# Homework Help: How to calculate this integral

1. May 21, 2014

### mark.laidlaw19

1. The problem statement, all variables and given/known data

As part of a larger problem involving integrating over a circular wedge contour in the complex plane starting at the origin, I have parametrised the integral, as is asked to do so in the question.

2. Relevant equations

I end up with one integral that has proved, for me, to be extremely difficult to find $$\lim_{R\rightarrow +\infty} {\int_0^R 1/(x^3+1)^3\,dx}$$

3. The attempt at a solution

I have tried a variety of methods to compute this. I know, from working which uses the residue theorem, that this integral should equal $${\frac{10\pi}{27\sqrt{3}}}$$, and have been able to compute all other parts of the question.
I tried partial fractions, but because the denominator is of degree 9, this would take an incredibly long time, longer than I believe is necessary, because other people have completed this in fewer steps.
I have tried integration by parts, but this does not seem to work, as I do not get the answer that I know to be correct from using the residue theorem.
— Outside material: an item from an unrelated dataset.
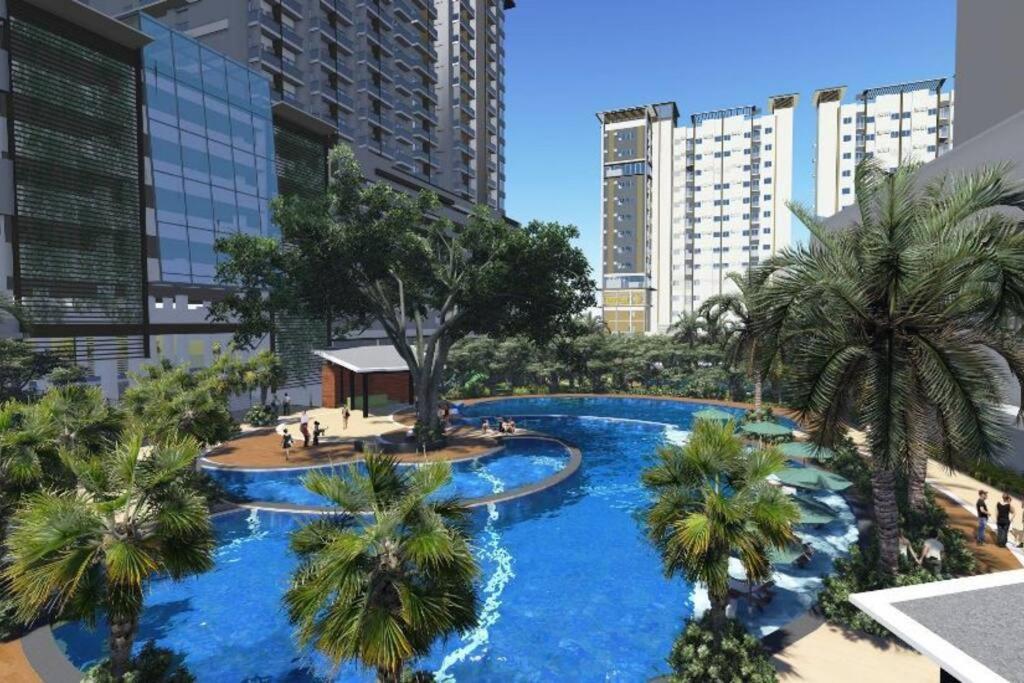 Near Ayala W Wifi Balcony Apartment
Basically, what I would appreciate is a suggestion of another method, and perhaps a overview of the initial steps, to do an integral like this.

Any help is greatly appreciated.

Many thanks,

Mark

Last edited by a moderator: May 21, 2014
2. May 21, 2014

### Saitama

Hi Mark! Welcome to PF!

Can you please post the integral you are working with? It is difficult to see what you are trying to find.

3. May 21, 2014

### George Jones

Staff Emeritus
Have you tried partial fractions? I haven't pursued this, but the denominator does factor into a product of two lower degree polynomials.

4. May 21, 2014

### Ray Vickson

Questions:
(1) How can an integral from 0 to R be a number like $10 \pi /(27\sqrt{3})$ that does not depend on R?
(2) Why do you say that $x^3+1$ is of degree 9? It looks like degree 3 to me.

If you mean that the denominator is $x^9+1$, you get an integral that is "doable", but nasty and lengthy. Maple's answer for $\int_0^R dx/(x^9+1)$ takes 10 pages to write out.

Last edited: May 21, 2014
5. May 21, 2014

### mark.laidlaw19

I'm not sure how to get it to look proper, but I end up with one integral that has proved, for me, to be extremely difficult to find ∫dx/(x^3+1), where the terminals go from 0 to R, and we are integrating along the real axis.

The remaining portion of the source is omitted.